A 2007 report by Israeli Human Rights organisation BT’selem claims that torture was still a regular occurrence in the Israeli prison system. They cite beating, painful binding, swearing and humiliation and denial of basic needs. In addition, 100s of Palestinians prisoners are currently held under an emergency procedure known as administrative detention. This allows the Israeli prison system hold suspects for concurrent periods of 6 months without trial or any knowledge of their alleged crimes. It has resulted in 1000s of Palestinians in jails for up to 5 years with no charges, and no knowledge of what they are in for. Both torture and administrative detention are very basic denials of human rights and contrary to international law. Plenty of evidence exists that they happen, but Israel simply isn’t held accountable by anyone.

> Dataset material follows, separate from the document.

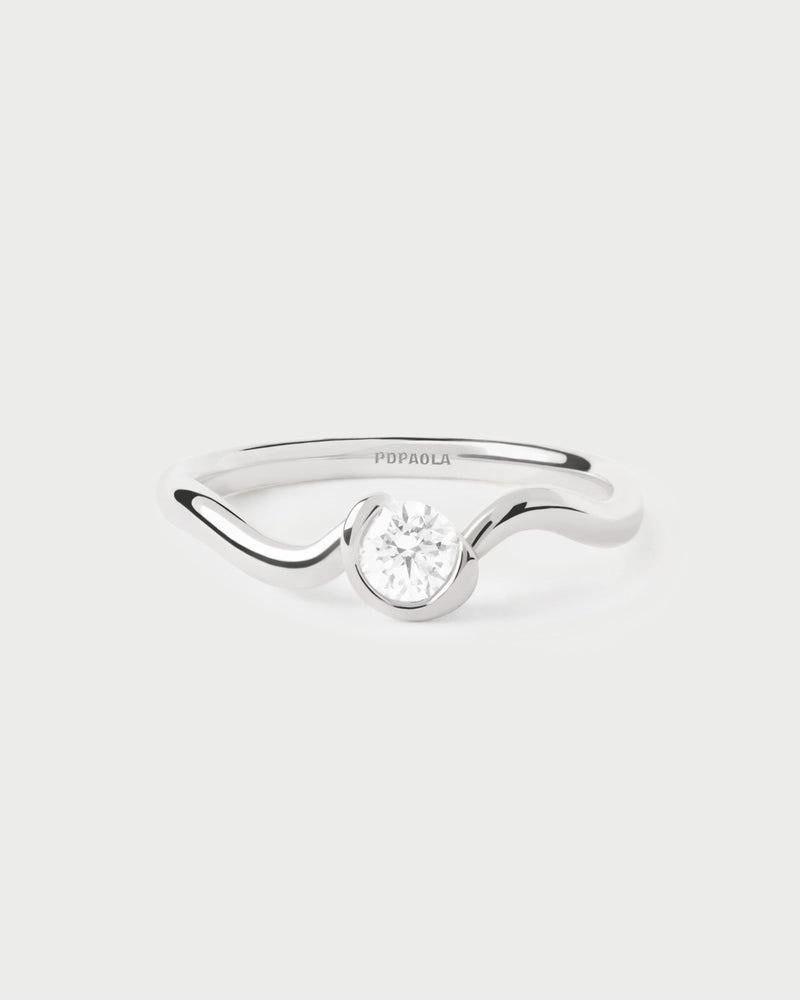 Elegante anello solitario in oro bianco con diamante da laboratorio e linee a flauto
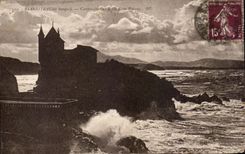 CPA Biarritz Contre jour et le chateau basque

The Israel Prison Service website describes itself as “ensuring the incarceration of prisoners and those remanded in custody in a secure and suitable environment, while respecting their dignity”. In fact it is discriminatory and willfully neglectful of the normal legal checks and balances which exist to protect prisoners in most Western democracies. This is due to the status of the West Bank as an occupied territory; military law rather than civil is applied. This allows for the detention of prisoners for smaller crimes for a much greater length of time, and allows the scandal of detention of minors to persist. While Palestinians who are arrested come from the Occupied West Bank or Gaza, most of Israeli detention centres are within Israel, this means that families trying to visit loved ones have to get a permit to travel from the West Bank to Israel, the same is true for lawyers looking to represent their clients. Not only does this cause massive problems of access for prisoners, it is also illegal under article 47 of the 4th Geneva Convention.


For Palestinians, the Israeli prison system represents a tragedy on a national scale. A generation of Palestine’s men has been scared by their time in prison. In Tulkarm, the pictures of those still incarcerated hang alongside those of the martyrs almost everywhere you go. They look directly, defiantly at you, a younger version of themselves staring out from a fantasy world where they thought they might have freedom. Just as Israeli teenagers are brutalised by conscription, so it seems that Palestinians have their lives tainted by imprisonment. It is one of the many indignities they face under occupation. Communities mourn the absence of children, men, women and even the dead.